DETAILED DESCRIPTION OF THE INVENTION

[0001]

BACKGROUND OF THE INVENTION 1. Field of the Invention The present invention relates to a nitrogen filling apparatus for filling a tire or the like with nitrogen gas, and more particularly, to a technique for promoting miniaturization of the apparatus.

[0002]

2. Description of the Related Art In recent years, a technique has been proposed in which tires of automobiles and the like are filled with nitrogen gas instead of air to improve running stability, safety and comfort of the automobile. That is, when the tire is filled with air, since the air passes through the rubber of the tire and gradually escapes, the air pressure of the tire is reduced, and there is a risk that fuel efficiency may deteriorate or burst. For this reason,
Nitrogen gas, which is less permeable to the rubber of the tire than air, was filled into the tire to avoid such danger.

[0003]

However, since the filling of a tire with nitrogen gas is usually performed by a cylinder filled with nitrogen gas, it is necessary to fill a large number of tires with nitrogen gas. Requires a large-capacity cylinder, which inevitably increases the size of the nitrogen filling device. Further, when the nitrogen gas filled in the cylinder is used up, it must be replaced with a new cylinder, and there are also problems such as an increase in the number of steps involved in replacing the cylinder and an increase in cost associated with storing the replacement cylinder. For this reason, it is economically difficult to equip individual gas stations with a nitrogen filling device, and this has been a barrier to widespread filling of tires with nitrogen gas.

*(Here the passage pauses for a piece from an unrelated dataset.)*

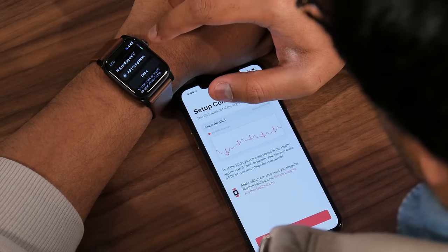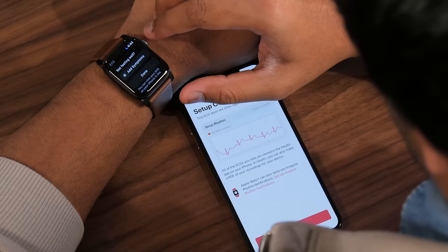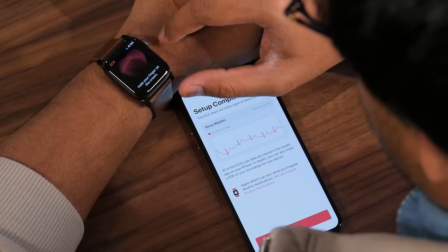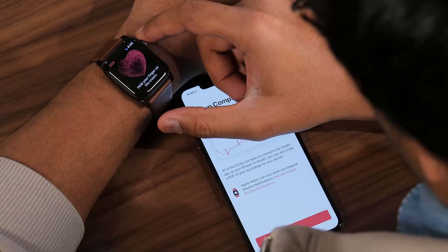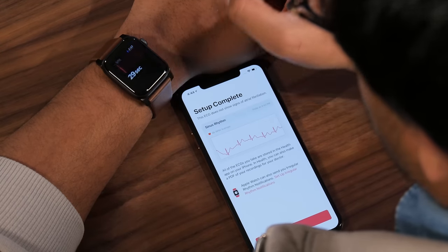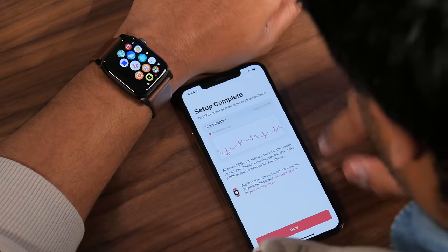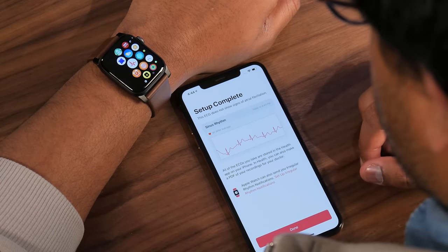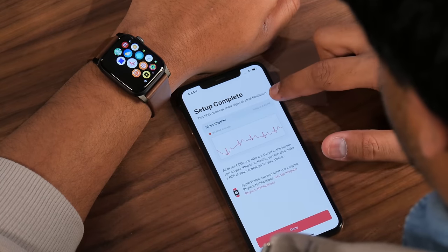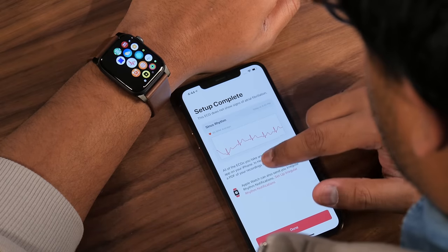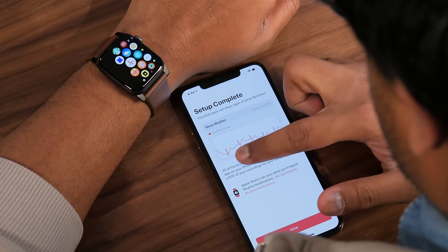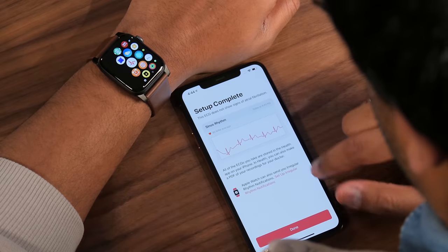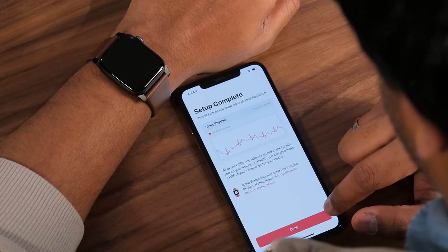There's a feature that lets you add symptoms so you can include that in a report for your doctor. Press Done, and you can check your ECG as many times as you want. Back on the app, it says setup complete and shows the result — in our case, sinus rhythm with no signs of atrial fibrillation. All of the ECGs you take are stored in the Health app on your iPhone, where you can also make a PDF of your recordings for your doctor.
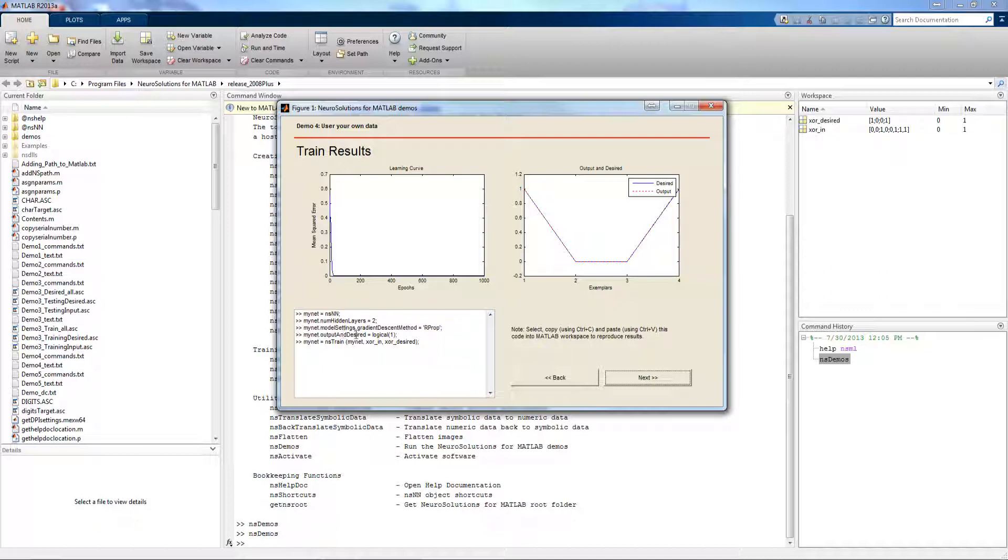The minet output and desired is actually the chart that sets up the output versus desired graph that you see here. And of course, the minet equal NSTrain is the command that actually executes the training for the network based on the data and the set parameters.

On the other hand, a technique of separating a specific gas from compressed air by a gas separation membrane is disclosed in, for example, Japanese Patent Application Laid-Open No. 10-314.
No. 539 and Japanese Patent Application Laid-Open No. H11-333237, the devices used in these techniques are still large and cannot be used easily at individual gas stations.

The present invention has been made in view of the above-mentioned conventional problems, and has a small and simple structure so that high-concentration nitrogen gas can be easily generated from compressed air. It is an object of the present invention to provide a nitrogen filling device that can be used for a fuel cell.

[0006]

SUMMARY OF THE INVENTION Therefore, the invention according to claim 1 includes a dust removing means for removing dust from compressed air, and an oil mist removing means for removing oil mist from compressed air from which dust has been removed. Pressure regulating means for regulating the compressed air from which the oil mist has been removed to a predetermined pressure; nitrogen gas generating means for removing oxygen from the compressed air regulated to the predetermined pressure to generate nitrogen gas of a predetermined concentration; Storage means for storing the nitrogen gas generated by the nitrogen gas generation means,
And a nitrogen gas extracting means for extracting the nitrogen gas stored in the storage means to the outside.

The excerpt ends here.